Some thoughts and considerations for finder reticule eyepieces:
- The virtue of the hard brass wire is that it does not require tensioning to be straight. This means it relatively easy to do eyepieces with recessed field stops.
- Most reticule eyepieces are simple designs and poorly corrected in a faster scope. Since finders are typically around F/4, this means a messy view. A year or two back, i purchased the standard 20 mm 70 degree illuminated reticule eyepiece for use in my finders, primarily an SV-50.
I was badly disappointed. The rericule was overly bright and bled into the field. The eyepiece was a mess off-axis. I considered it unusable and gave it away. I decided I could do better.

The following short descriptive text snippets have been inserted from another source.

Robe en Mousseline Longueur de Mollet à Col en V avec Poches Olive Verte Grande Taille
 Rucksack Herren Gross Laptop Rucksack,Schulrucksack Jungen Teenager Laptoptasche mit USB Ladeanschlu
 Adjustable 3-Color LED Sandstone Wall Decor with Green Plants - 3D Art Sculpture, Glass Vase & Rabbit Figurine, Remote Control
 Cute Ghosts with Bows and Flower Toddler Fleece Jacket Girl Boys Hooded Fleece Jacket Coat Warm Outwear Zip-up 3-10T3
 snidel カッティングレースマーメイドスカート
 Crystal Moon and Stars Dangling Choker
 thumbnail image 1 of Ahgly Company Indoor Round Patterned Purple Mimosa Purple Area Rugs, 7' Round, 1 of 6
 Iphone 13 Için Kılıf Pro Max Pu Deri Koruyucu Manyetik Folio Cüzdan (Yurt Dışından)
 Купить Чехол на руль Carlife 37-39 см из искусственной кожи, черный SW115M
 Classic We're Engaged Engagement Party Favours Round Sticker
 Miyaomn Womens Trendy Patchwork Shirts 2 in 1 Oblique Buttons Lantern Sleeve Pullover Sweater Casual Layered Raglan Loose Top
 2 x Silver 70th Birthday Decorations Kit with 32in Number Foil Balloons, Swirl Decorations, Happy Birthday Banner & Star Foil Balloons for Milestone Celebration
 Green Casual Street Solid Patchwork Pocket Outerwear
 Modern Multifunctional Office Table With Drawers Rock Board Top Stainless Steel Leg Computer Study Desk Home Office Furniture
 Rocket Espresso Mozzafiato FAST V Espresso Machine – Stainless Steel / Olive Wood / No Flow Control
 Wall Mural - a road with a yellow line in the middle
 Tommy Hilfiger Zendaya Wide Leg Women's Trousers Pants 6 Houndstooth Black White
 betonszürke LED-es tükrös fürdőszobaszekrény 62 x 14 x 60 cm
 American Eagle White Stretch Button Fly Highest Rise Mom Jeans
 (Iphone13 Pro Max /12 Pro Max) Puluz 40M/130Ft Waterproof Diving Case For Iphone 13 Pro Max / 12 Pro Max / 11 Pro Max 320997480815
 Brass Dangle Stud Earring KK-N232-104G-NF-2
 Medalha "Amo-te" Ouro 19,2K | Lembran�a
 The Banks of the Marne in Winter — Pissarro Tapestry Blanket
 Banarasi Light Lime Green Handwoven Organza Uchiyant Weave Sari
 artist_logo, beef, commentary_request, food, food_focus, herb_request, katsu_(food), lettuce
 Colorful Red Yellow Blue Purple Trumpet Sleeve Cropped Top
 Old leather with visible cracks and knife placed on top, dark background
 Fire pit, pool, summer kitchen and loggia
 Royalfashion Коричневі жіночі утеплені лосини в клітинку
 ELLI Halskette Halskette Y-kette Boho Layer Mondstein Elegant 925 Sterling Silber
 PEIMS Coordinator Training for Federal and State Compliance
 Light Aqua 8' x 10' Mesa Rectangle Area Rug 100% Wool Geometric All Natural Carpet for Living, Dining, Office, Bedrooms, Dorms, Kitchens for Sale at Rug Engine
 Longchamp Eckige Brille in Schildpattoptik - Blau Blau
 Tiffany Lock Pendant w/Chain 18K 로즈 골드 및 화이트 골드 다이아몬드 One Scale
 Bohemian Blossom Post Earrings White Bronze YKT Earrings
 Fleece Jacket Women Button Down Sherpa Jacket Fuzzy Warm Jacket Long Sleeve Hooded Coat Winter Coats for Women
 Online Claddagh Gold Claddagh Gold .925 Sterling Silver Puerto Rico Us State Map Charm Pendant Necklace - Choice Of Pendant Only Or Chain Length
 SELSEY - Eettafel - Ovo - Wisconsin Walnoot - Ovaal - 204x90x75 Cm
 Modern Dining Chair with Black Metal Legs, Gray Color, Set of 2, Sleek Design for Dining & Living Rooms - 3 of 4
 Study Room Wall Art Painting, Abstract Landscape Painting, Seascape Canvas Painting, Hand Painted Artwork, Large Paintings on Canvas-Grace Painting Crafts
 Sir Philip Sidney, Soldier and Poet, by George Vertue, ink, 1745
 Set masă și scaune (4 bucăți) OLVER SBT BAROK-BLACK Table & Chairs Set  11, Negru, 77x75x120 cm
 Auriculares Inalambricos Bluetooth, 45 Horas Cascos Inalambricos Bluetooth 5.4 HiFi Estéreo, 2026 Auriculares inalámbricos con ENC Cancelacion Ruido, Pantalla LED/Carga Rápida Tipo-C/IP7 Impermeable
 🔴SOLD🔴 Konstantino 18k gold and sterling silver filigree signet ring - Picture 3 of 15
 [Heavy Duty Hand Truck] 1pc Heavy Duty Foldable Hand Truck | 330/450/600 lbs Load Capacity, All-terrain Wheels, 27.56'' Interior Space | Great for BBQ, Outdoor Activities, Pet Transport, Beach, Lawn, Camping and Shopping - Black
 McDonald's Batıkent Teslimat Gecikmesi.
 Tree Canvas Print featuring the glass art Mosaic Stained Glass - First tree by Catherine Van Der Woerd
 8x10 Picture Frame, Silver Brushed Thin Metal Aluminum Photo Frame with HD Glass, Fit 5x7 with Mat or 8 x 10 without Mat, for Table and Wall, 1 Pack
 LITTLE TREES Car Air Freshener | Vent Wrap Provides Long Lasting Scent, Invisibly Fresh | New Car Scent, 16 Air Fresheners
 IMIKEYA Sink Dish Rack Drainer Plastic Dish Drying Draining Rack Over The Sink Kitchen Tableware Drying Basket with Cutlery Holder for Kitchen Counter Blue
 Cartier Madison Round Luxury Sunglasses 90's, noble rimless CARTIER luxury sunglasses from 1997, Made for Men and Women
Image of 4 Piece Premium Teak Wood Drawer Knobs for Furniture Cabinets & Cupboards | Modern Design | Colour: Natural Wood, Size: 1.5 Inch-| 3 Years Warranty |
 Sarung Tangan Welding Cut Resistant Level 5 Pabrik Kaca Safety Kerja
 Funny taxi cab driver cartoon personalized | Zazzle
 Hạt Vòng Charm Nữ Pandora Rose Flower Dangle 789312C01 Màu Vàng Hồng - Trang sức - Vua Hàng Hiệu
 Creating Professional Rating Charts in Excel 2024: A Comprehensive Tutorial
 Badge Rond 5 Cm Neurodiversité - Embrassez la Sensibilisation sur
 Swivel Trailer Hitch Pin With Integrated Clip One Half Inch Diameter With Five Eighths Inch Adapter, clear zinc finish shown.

- I had an old TeleVue 24 mm Wide Field. I was my first really decent eyepiece but it had some damage from a previous owner and had seen a lot of use. It's not a 16 mm Type 5 Nagler but it's sharper by far than a normal finder eyepiece and it has the virtues that the field stop is accessible and the ring is wide enough to glue to.
- Works very well, it's reasonably sharp across the field and offers a 6.8 degree TFoV at 8.3x.
Cross hairs are an important part of my star hopping technique. I align the cross hairs with the vertical and horizontal axes of the scope. Since the finder focuser is at an angle, these axes are not intuitive. The aligned cross hairs allow me to match the horizontal and vertical star fields in Sky Safari. I need only one star in each axis for precise pointing..
- If I were doing it from scratch: a well corrected eyepiece that's affordable that's has a large field stop but it needs to be 25 mm or less so there's something to glue to.
20 mm Explore Scientific 68 degree..
- 0.004" hard brass. Thin is not good, it's not visible under dark skies.